The independent newspaper of the University of Iowa community since 1868

The Daily Iowan

The independent newspaper of the University of Iowa community since 1868

The Daily Iowan

Writers’ Workshop alum mocks Iowa City

John McNally loves Iowa City. He loves the downtown. He loves how smart the residents are. He loves the Iowa Writers’ Workshop. He loves the bookstores. He loves how it feels like a“big small town.” He loves it all.

In fact, he loves Iowa City so much that he wrote a satirical fiction book titled After the Workshop — mocking it.

“I think I need to talk to Prairie Lights to see where the closest exit is,” McNally said jokingly. “But, it’s very farcical. It’s not an exposé or a serious book. I’m hoping that people will take it in the spirit it was written, which was a high comedy.”

He will read from After the Workshop at 7:30 p.m. today in Prairie Lights Books, 15 S. Dubuque St. Admission is free.

The novel follows Jack Hercules Sheahan, a graduate of the Writers’ Workshop who initially was headed for fame. While in school, a short story of his was published in The New Yorker and later anthologized in the Best American Short Stories. He began work on his first novel, only to find himself, 12 years later, still in Iowa City, still working on his first novel. Now, to make rent, he works as an escort for authors who come to town for readings.

“For me, the book is more about a guy with a crappy job who’s questioning the meaning of his life,” McNally said. “That’s the universal part to me.”

Although After the Workshop is not a memoir, moments are based on McNally (who attended the Writers’ Workshop from 1987-89), and his experience in Iowa City and working as a media escort.

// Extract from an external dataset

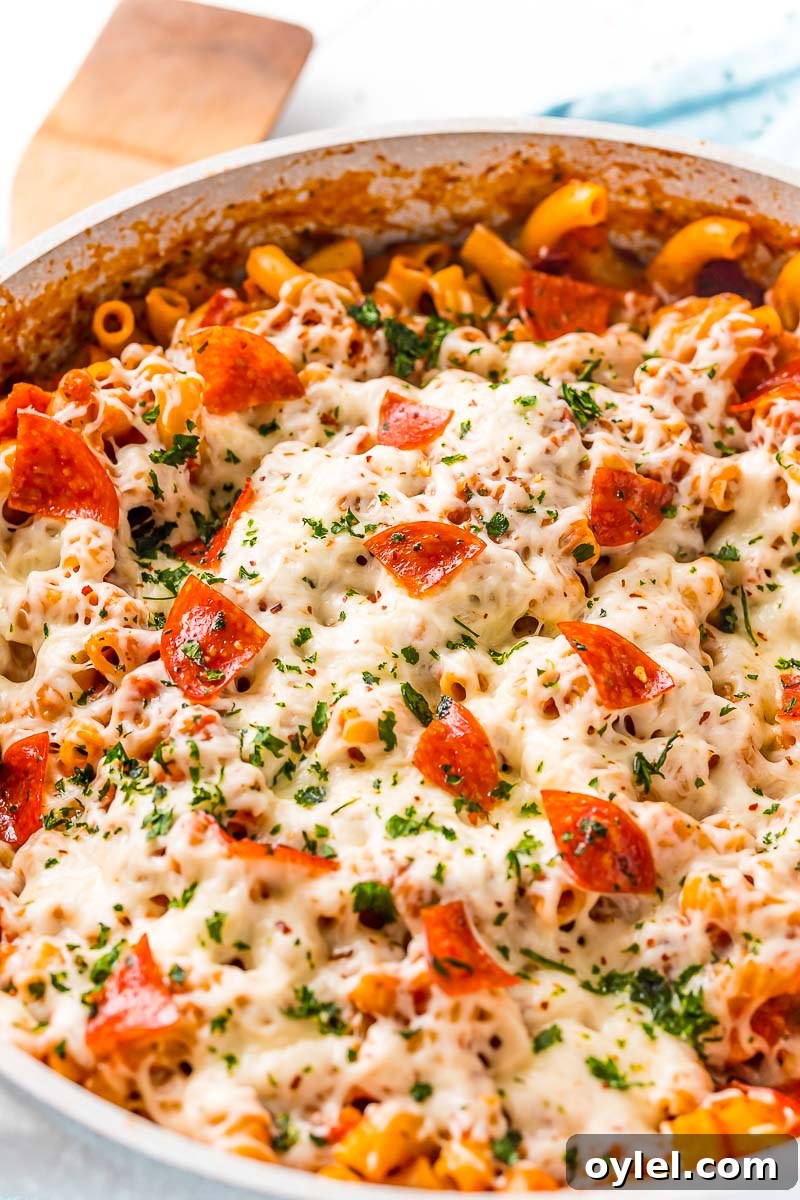 Close up photo of pasta cookies with pepperoni, cheese, and red sauce.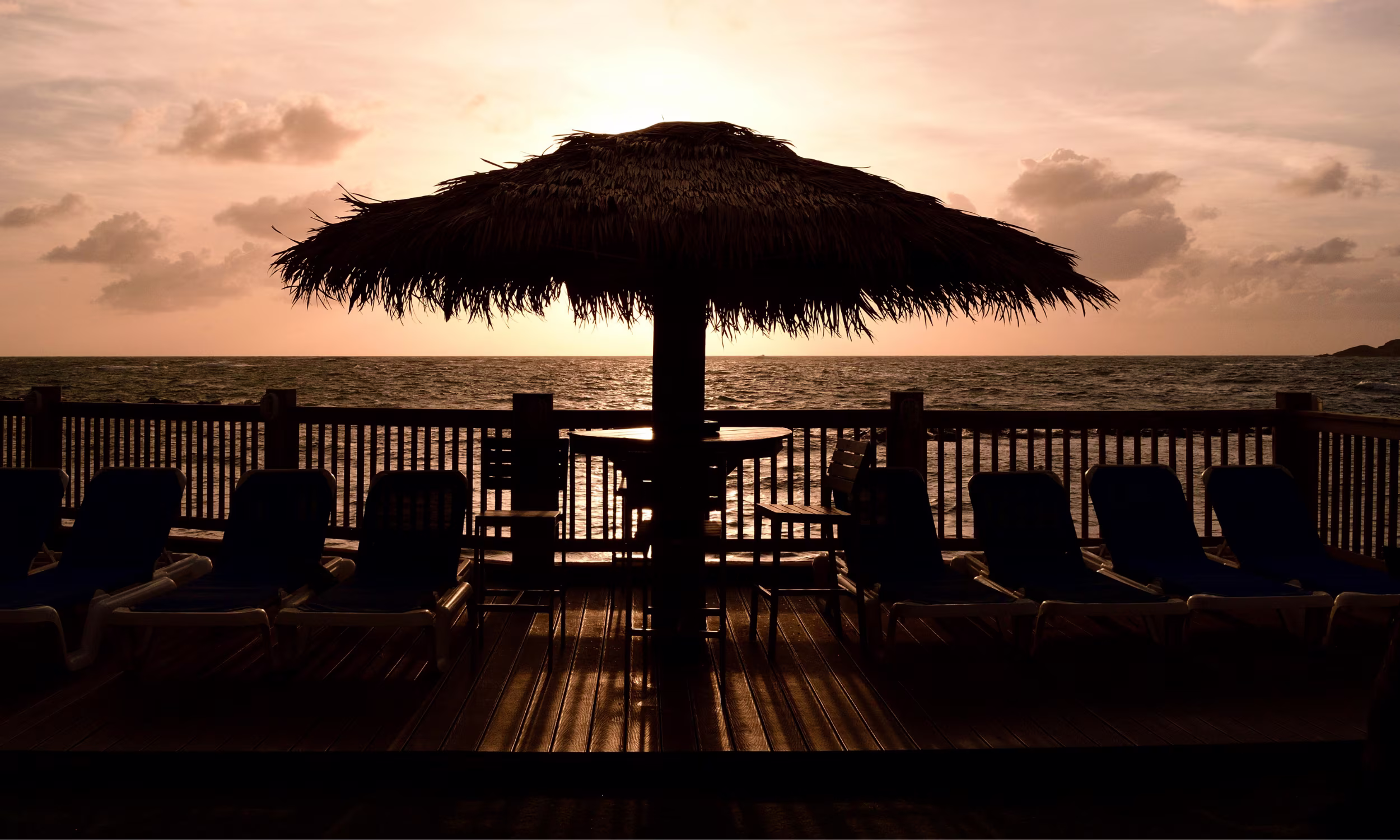 Romantic chairs set on a tropical beach in St. Lucia, perfect for a Caribbean honeymoon.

And, even though the novel is based on a very specific town and lifestyle, the writer isn’t worried about too narrow of an appeal.

“I always tell my students that the best way to receive universality through fiction is with specificity,” the 44-year-old said. “If you try to be universal, then it seems generic, and it doesn’t appeal to anyone.”

UI Press Director Holly Carver calls McNally, who has published four previous books and edited six anthologies, quite humble and said he plays down his success. She credited him for carrying that similar tone to After the Workshop.

“I felt really sympathetic toward the main character while he was being a doofus,” she said. “And it doesn’t have that ‘oh, I’m an artist’ type feel. He doesn’t seem to have any sense of entitlement at all, which is really kind of nice to read. I think if he did,it would be an elite book, but God, he’s so human.”

While writing After the Workshop, McNally took a different approach than his previous work.

Rather than completing large chunks and then revising, he wrote in smaller portions and read each section aloud to his wife.

“I don’t think I planned to do that, but I was having so much fun when I first started writing it that I wanted some feedback right away,” the author said. “I didn’t plan on turning into Charles Dickens, giving nightly readings or something. I would read to her with a pen in my hand so that if I read a line, I’d look up, and if it seemed like it fell flat, I would cross it off and keep reading.”

And his process paid off. He set out to write a fictionalized memoir and based some events in After the Workshop on his own life.

“If I had written this when I was younger, it would’ve seemed like a memoir, and it probably wouldn’t have been funny,” he said.“It would’ve been sentimental, and melodramatic, and angry. So finding that comic voice gives me just enough distance to straddle that line between fact and fiction.”